2. Risk metrics – These vendor risk management program metrics should demonstrate effective identification, assessment, management, and vendor risk monitoring. Examples include:
   
   
   • Number of engagements without a current risk assessment – Active vendor engagements without a current risk assessment decreases your organization's ability to identify and manage risks effectively.
     
     
     • KPI – Per the vendor risk management policy, all engagements must have a current risk assessment. Adhering to this process shows effective risk identification and management.
     • KRI – The more engagements without current risk assessments, the higher the likelihood that new and emerging risks remain unidentified and unmanaged.
   • Due diligence reviews resulting in a pass decision – Due diligence is meant to validate that your vendors have the appropriate risk management practices and controls to mitigate known risks sufficiently.
     
     
     • KPI – Effective processes, subject matter expertise, and risk avoidance are evidenced when vendors are rejected as a result of due diligence.
     • KRI – A due diligence process that results in the approval of every vendor is likely not rigorous enough and may expose the organization to unnecessary risk.
3. Performance or operational metrics – It's essential to demonstrate that your program runs efficiently and effectively and has the right processes, tools, and people to do the job.
   
   
   • Percentage of due diligence assessments completed within the estimated timeframe – A swift decision on vendor approval or rejection is crucial for timely issue resolution and seizing opportunities.
     
     
     • KPI – Processes, tools, and people are working effectively and meeting expectations.
     • KRI – Not completing due diligence assessments within the estimated time may impact business or indicate a lack of resources.
   • The ratio of vendor risk management program full time employees (FTEs) to the number of critical and high-risk vendors – These vendors require the most vendor risk management rigor and attention.
     
     
     • KPI – A reasonable ratio of FTEs dedicated to vendor risk management in comparison to elevated risk vendors illustrates an appropriate allocation of resources for risk management.
     • KRI – Insufficient number of vendor risk management FTEs can lead to process delays, approval delays, and reduced vendor risk management effectiveness.

Additional Considerations for Vendor Risk Management Program Efforts

Before finalizing your vendor risk management program metrics, it’s important to ensure you have access to data that can be easily calculated, is repeatable, and clearly illustrates vendor risk management or operational effectiveness.

Ask yourself the following questions:

• Does the metric help tell the right story?
• Do I have an accessible and reliable data source to support the metric?
• How easy is it to calculate the metric?
• Is the metric better used as KPI (lagging measure) or a KRI (leading measure)?
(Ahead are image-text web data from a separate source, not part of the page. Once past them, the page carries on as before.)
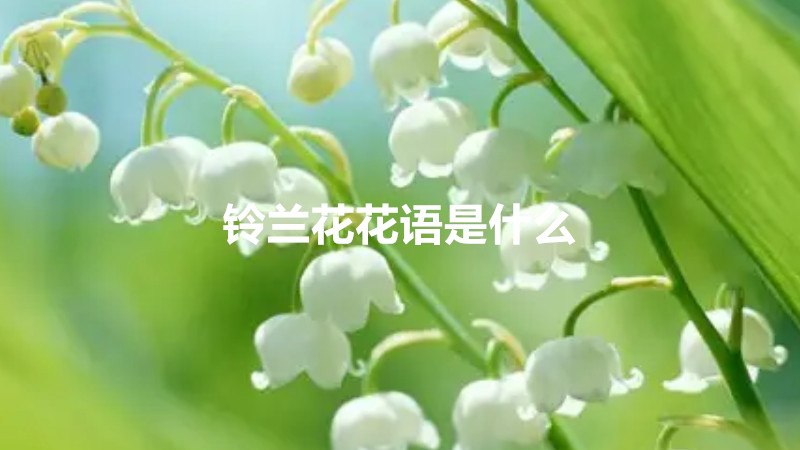 铃兰花花语是什么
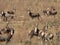 A herd of Blesbuck antelope standing in a dried out long grass field landscape in South African bushveld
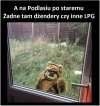 A tymczasem na Podlasiu...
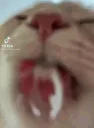AggressiveLick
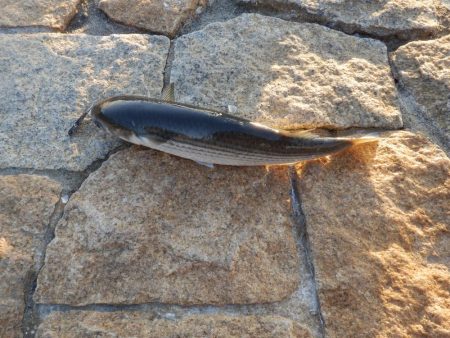 どうやったらええねん⁇淀シーHelp me…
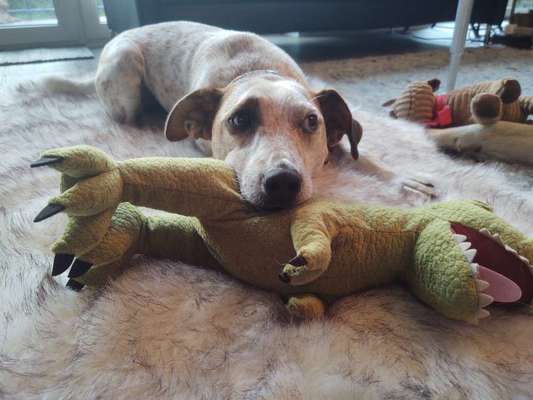 Kuscheltiere nur zum kuscheln und nicht zum kaputt beißen-Beitrag-Bild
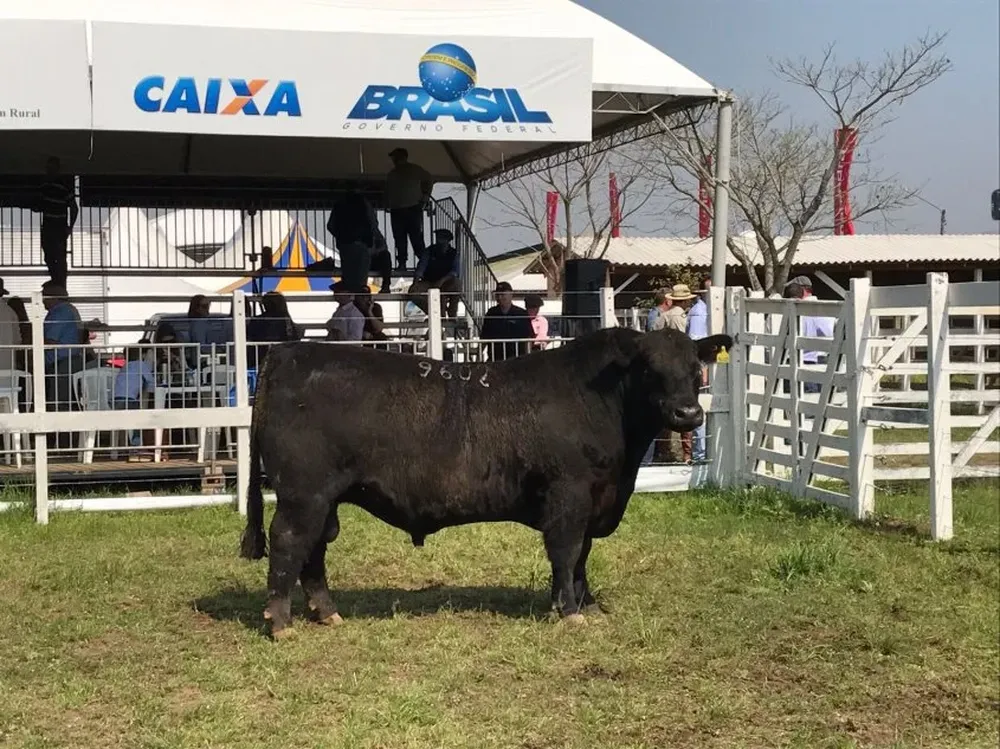 El Gran Campeón Angus en Esteio fue de la cabaña salteña Bayucuá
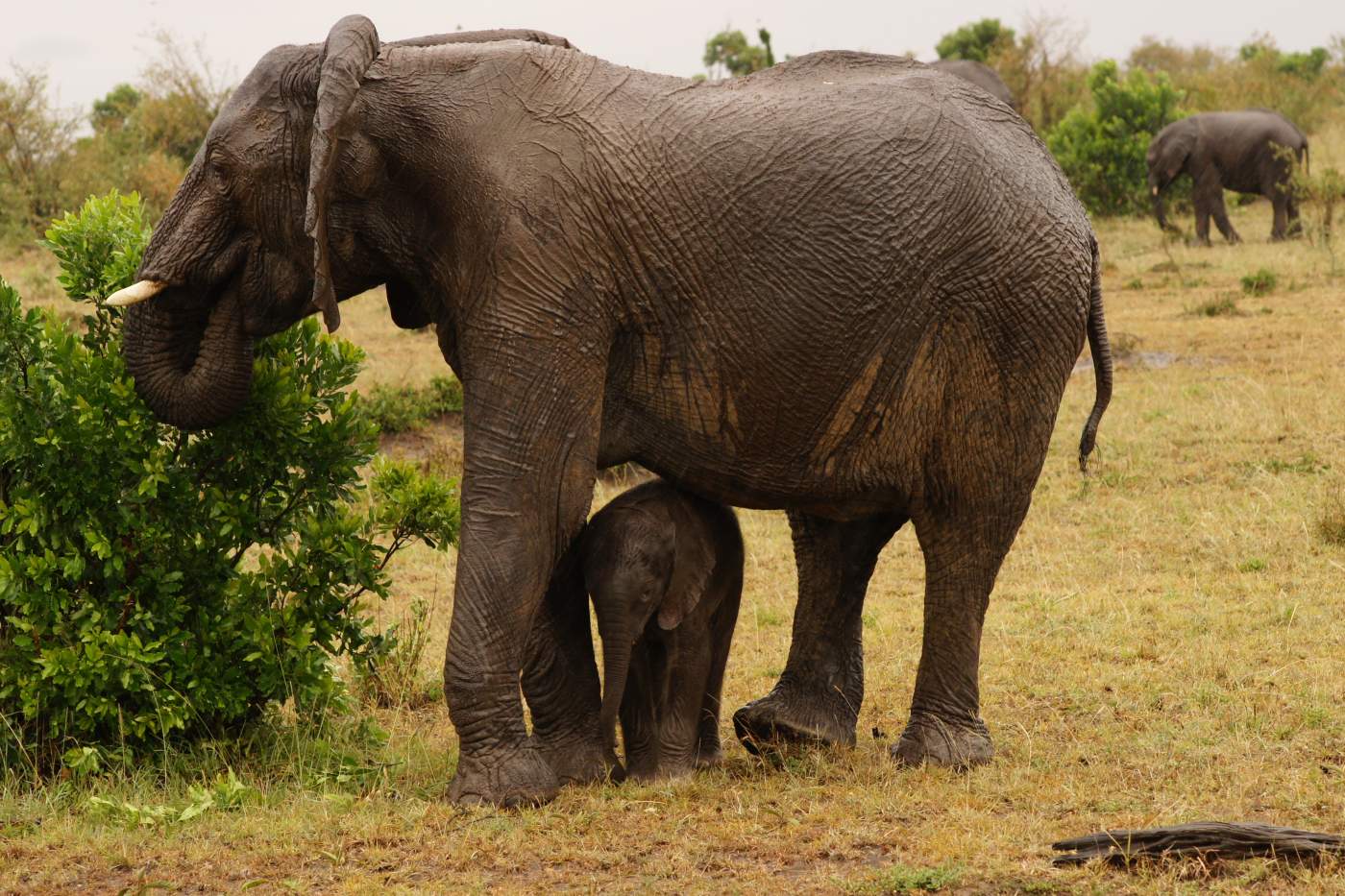 Elefanten Mutter und ihr Junges beim Mittagessen auf Safari Reise durch Afrika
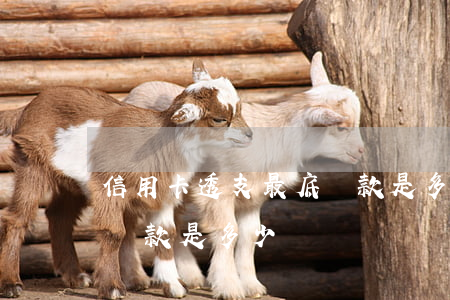 信用卡透支最底還款是多少(信用卡透支最底還款是多少)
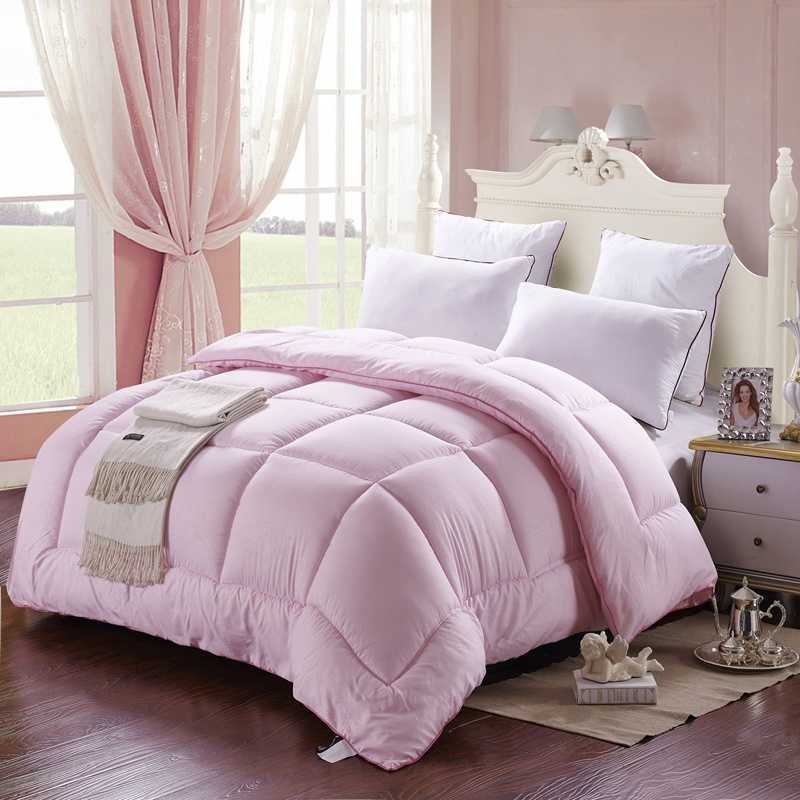 New spring and autumn quilt core thickened single double warm quilt autumn and winter quilt core manufacturers wholesale group purchase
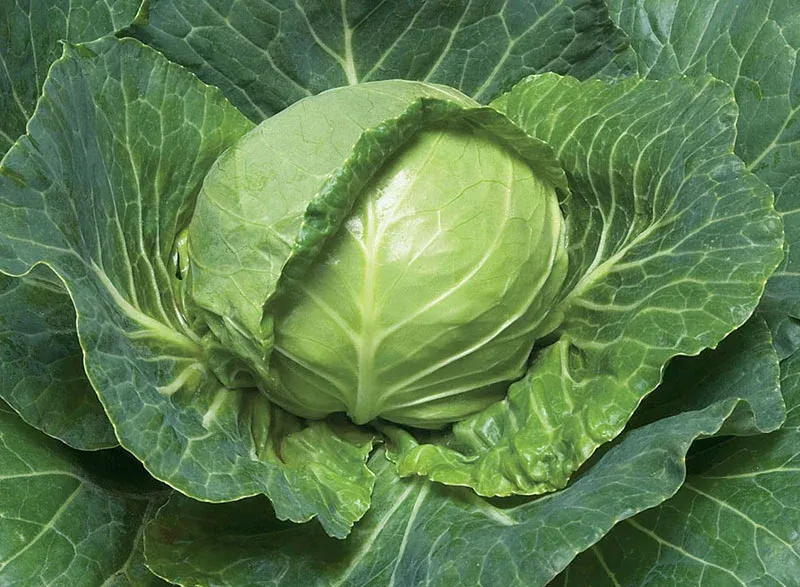 Голден Кросс F1 / Golden Cross F1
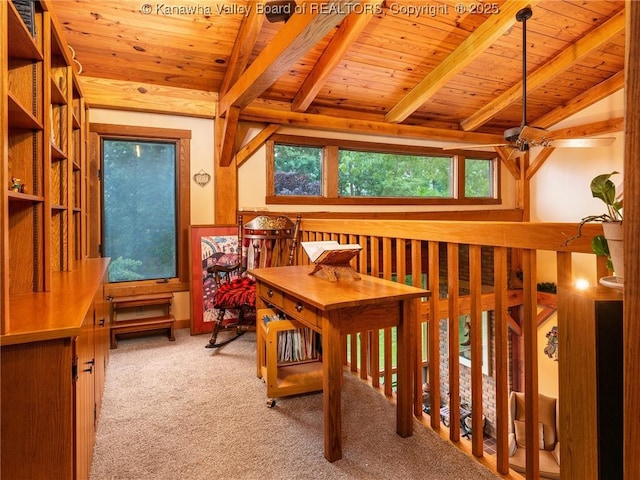114 Shady Ln, Winfield, WV 25213 - interior space featuring wooden ceiling and carpet flooring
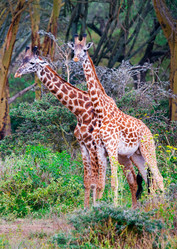 Similar image 2834631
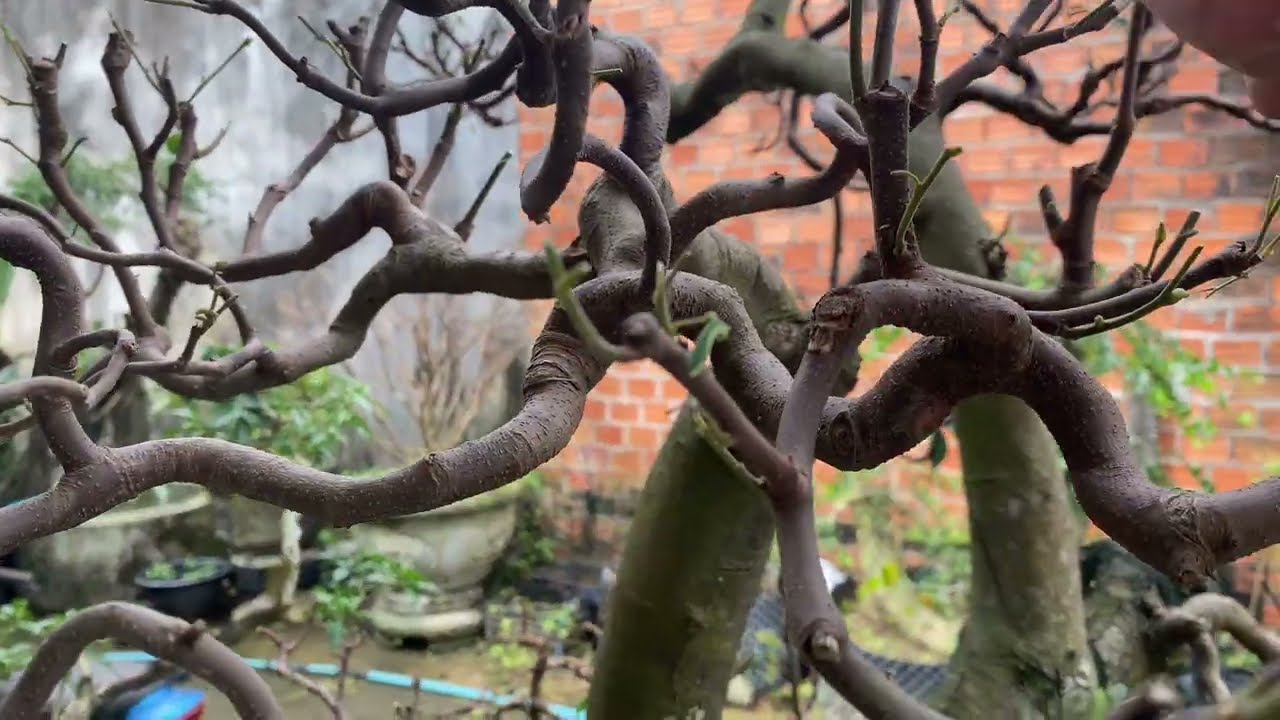 Tiếp tục làm dăm cho cây khế, tác phẩm đầu tay chơi bonsai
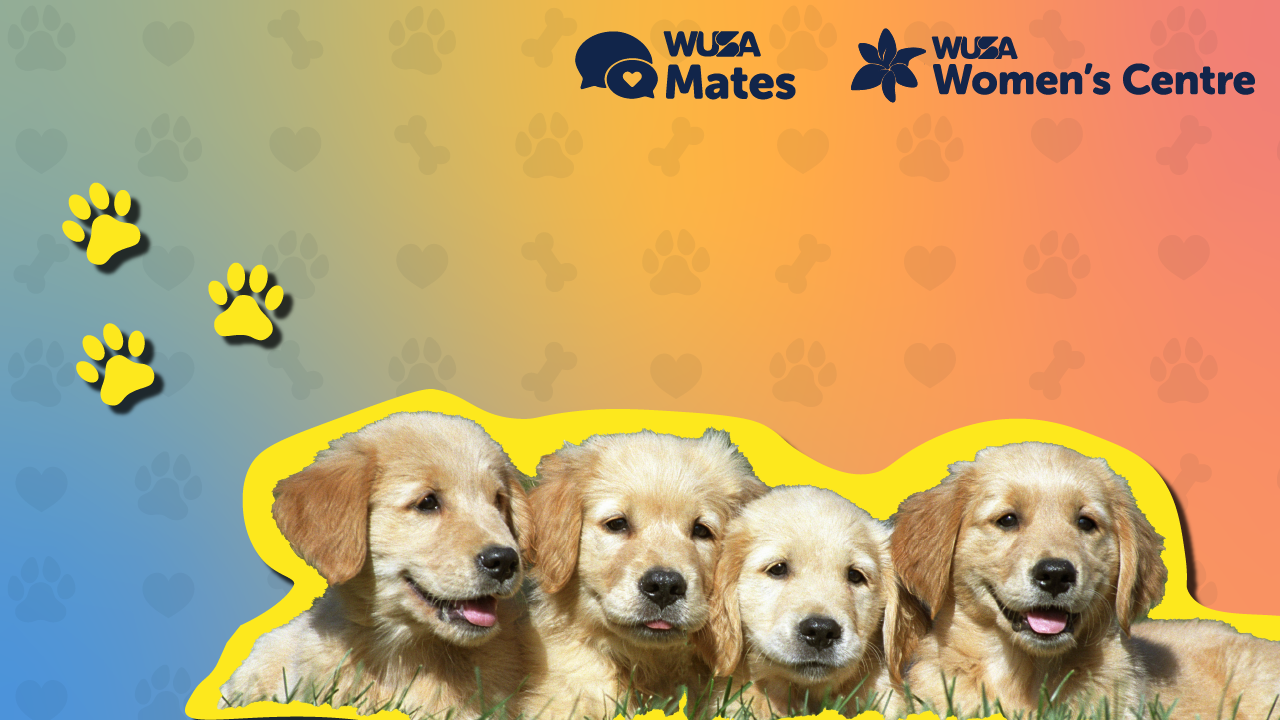 Four golden retriever puppies lying on grass with a paw print and heart background highlight the importance of Service Animal Training. WUSA Mates and Women's Centre logos are displayed proudly, reflecting their commitment to nurturing future service dogs.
Keep in mind that identifying metrics isn’t enough, it’s also essential to determine what actions will be taken when the metric isn’t within the acceptable thresholds.

In summary, developing and tracking metrics for vendor risk management is considered a best practice and is an essential aspect of effective programs. These metrics can provide valuable insights into resource allocation, risk identification, and program impact. Additionally, they offer crucial information for the board, management, and stakeholders, enabling organizations to make informed decisions to improve their vendor risk management program.